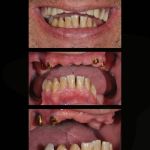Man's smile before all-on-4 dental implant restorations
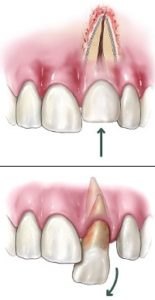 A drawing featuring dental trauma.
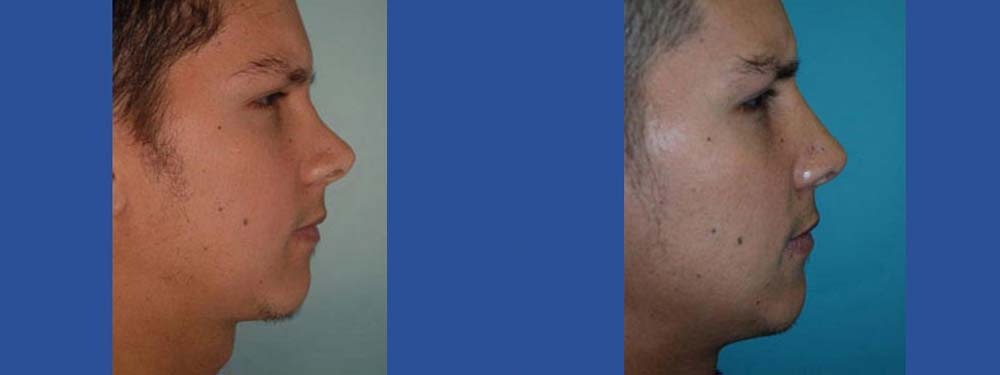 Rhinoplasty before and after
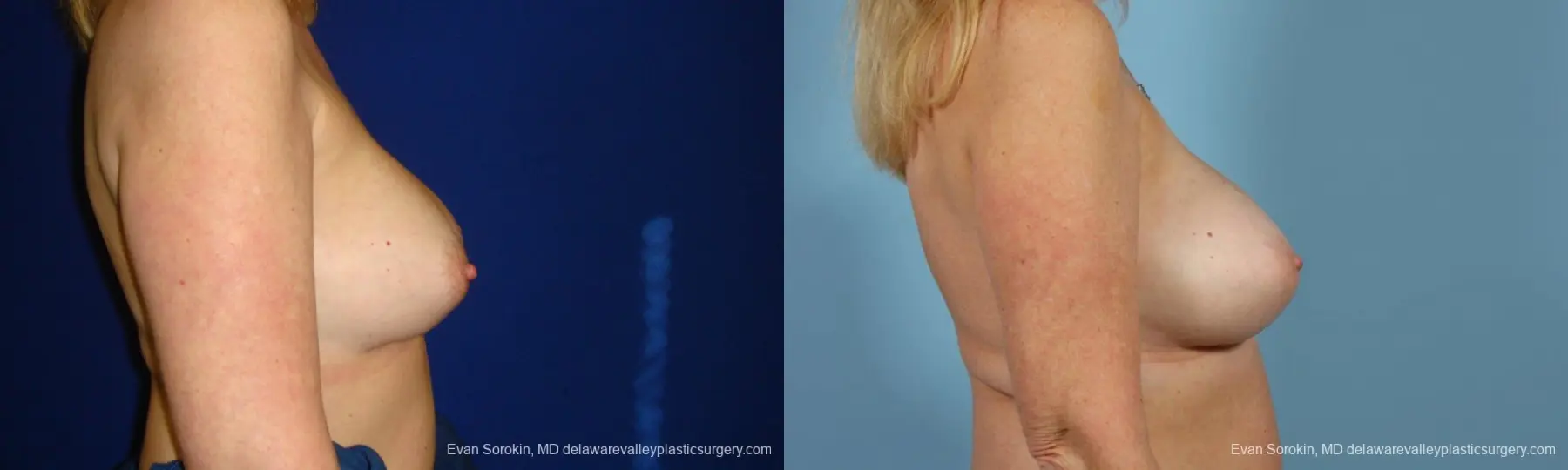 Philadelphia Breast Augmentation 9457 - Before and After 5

==

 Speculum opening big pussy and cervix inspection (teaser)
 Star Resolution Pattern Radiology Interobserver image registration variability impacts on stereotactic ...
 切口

...

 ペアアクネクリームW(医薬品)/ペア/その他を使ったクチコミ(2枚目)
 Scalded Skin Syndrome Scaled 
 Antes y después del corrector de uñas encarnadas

_Work required_
Reproduce, word for word and in full, only the lines above that start at the line with "ペアアクネクリームW(医薬品)/ペア/その他を使ったクチコミ(2枚目)" and run through the line with "Antes y después", both ends included.

_Result below_
 ペアアクネクリームW(医薬品)/ペア/その他を使ったクチコミ(2枚目)
 Scalded Skin Syndrome Scaled 
 Antes y después del corrector de uñas encarnadas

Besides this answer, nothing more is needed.